著しい環境の変化、時代の流れによって、公務員には今まで以上に多様でかつ優れた人材が求められています。民間企業では早くから、「学力ではその人材の全てを評価しえない」という事実のもと、面接試験にウエイトを置き始めていました。そして、公務員においてもその動きが加速化しています。
学力でははかることのできない、人物像にウエイトを置いて評価する。それが、面接試験の役割なのです。
公務員試験制度の改革によりより面接試験が重視されつつある
国家公務員の試験制度は、時代の流れによってより良いものへと改革がなされています。
平成5年度には、国家Ⅰ種試験(国家公務員1種試験)の一部において、面接で最上位の評価を受けた受験生には筆記試験の得点に一定の換算点を合算する判定方式が導入されました。
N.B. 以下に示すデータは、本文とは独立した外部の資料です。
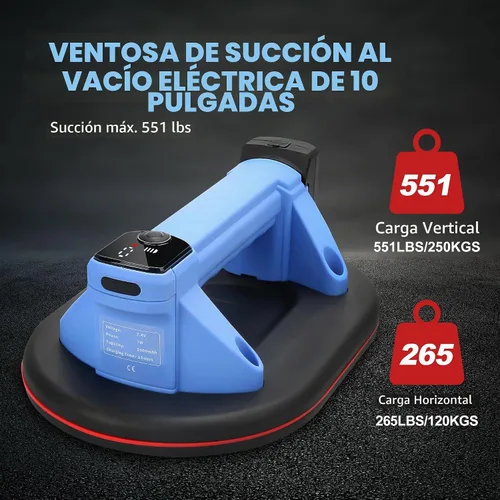Vista 2 de Ventosa eléctrica con capacidad de carga máxima de 551 libras, base de 10 pulgadas con pantalla LED para succión Batería de 2000 mAh Carga tipo C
そして、平成9年度には、最上位に次ぐ段階の受験者にも同様の措置が取られるようになります。
さらに、平成10年度には、国家Ⅰ種の全部にこの措置が拡大され、国家Ⅱ種試験(国家公務員2種試験)にも導入されました。
その後、平成18年度には、まったく新たに面接評定の基準が導入されています。(平成17年8月「国家公務員採用Ⅰ種試験 6つの評定項目ごとに設定された着眼点別評定段階と行動の例」人事院)
このように、段階的に学力試験に加えて(あるいは学力試験以上に)公務員試験においては面接試験のウエイトが合否に与える影響として大きなものとなっているのです。
最近では、試験区分の名称変更や細分化が行なわれています。国家1種が総合職、国家2種が一般職へ、さらに試験形式なども多様化しつつあります。
この傾向は、国家公務員に限ったことではありません。地方公務員試験は国家公務員試験に準ずることが一般的で、例外なく地方公務員試験でも面接試験の重要性は高まっています。集団面接を行い、その後に個別面接を2回実施するなど、面接の回数を増やす自治体が増加傾向にあります。